--- DATA SEGMENT ---

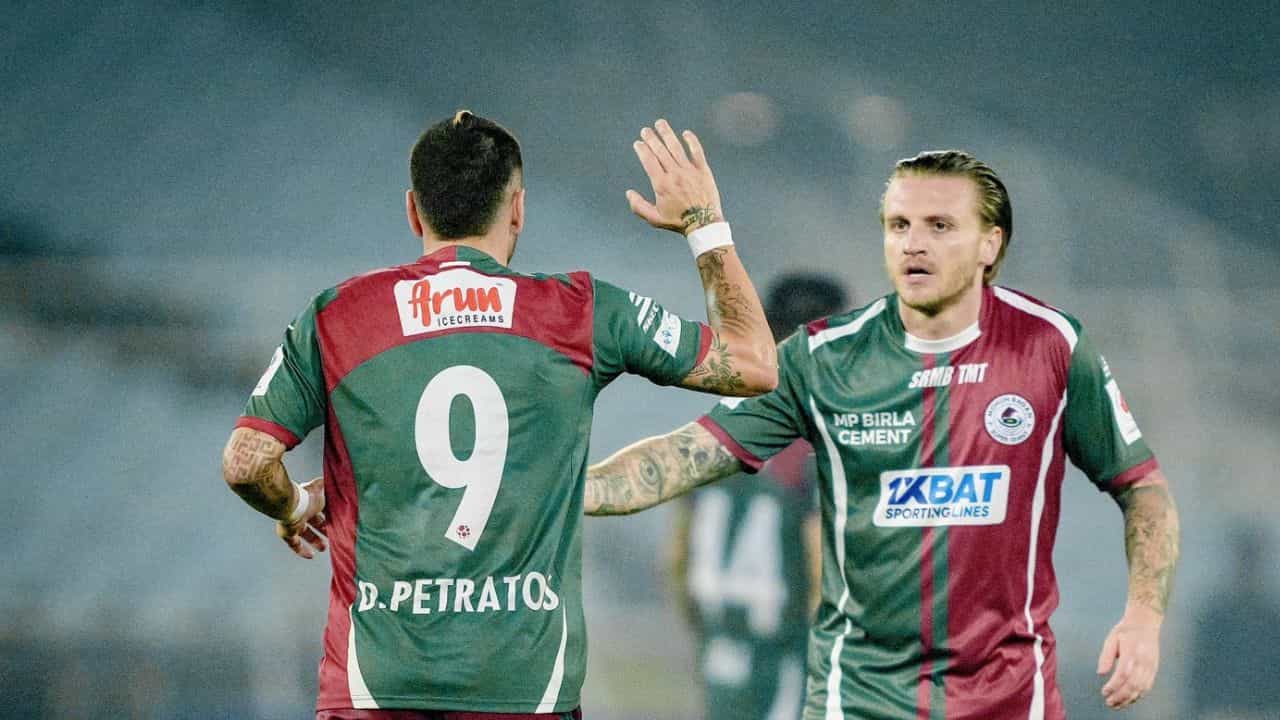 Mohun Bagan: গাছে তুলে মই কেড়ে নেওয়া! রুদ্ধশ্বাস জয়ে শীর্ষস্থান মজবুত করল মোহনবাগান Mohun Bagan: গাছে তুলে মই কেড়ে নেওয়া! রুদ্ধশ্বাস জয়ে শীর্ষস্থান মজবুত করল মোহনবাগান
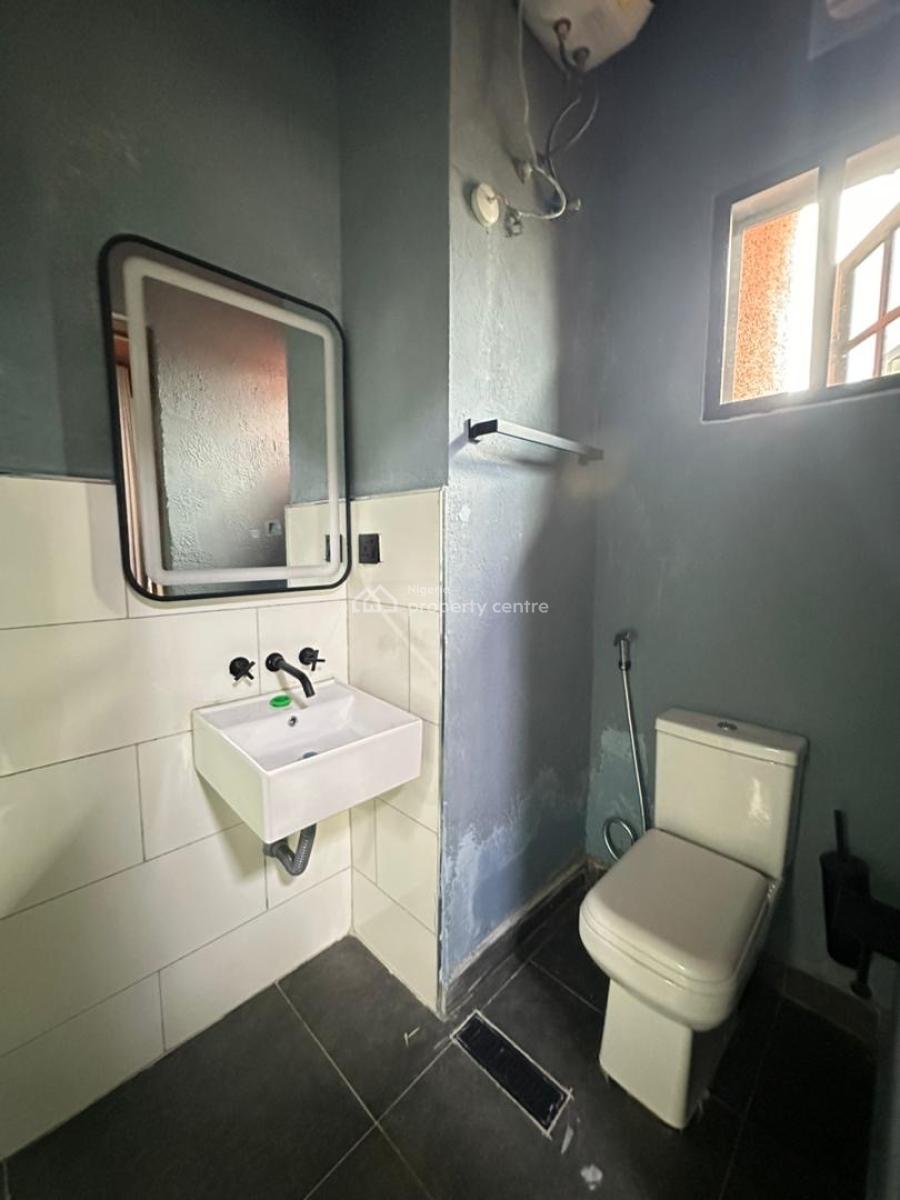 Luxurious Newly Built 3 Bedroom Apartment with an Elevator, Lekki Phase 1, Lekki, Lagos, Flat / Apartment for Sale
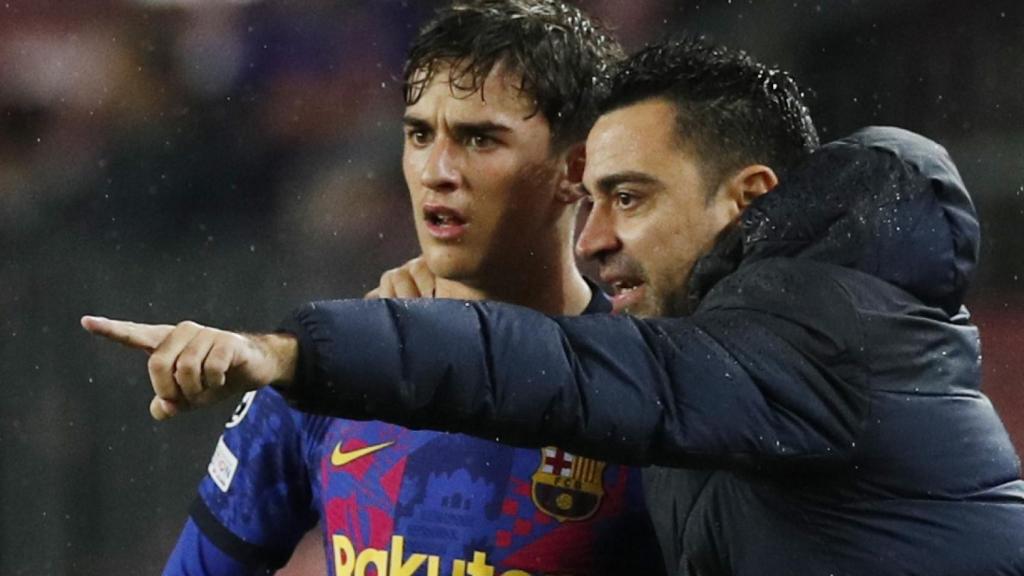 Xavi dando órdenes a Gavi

---

PROMPT: With pictures left out, print the lines of the material above from the line containing "Luxurious Newly Built" through its last line, exactly and nothing more.

RESPONSE:
 Luxurious Newly Built 3 Bedroom Apartment with an Elevator, Lekki Phase 1, Lekki, Lagos, Flat / Apartment for Sale
 Xavi dando órdenes a Gavi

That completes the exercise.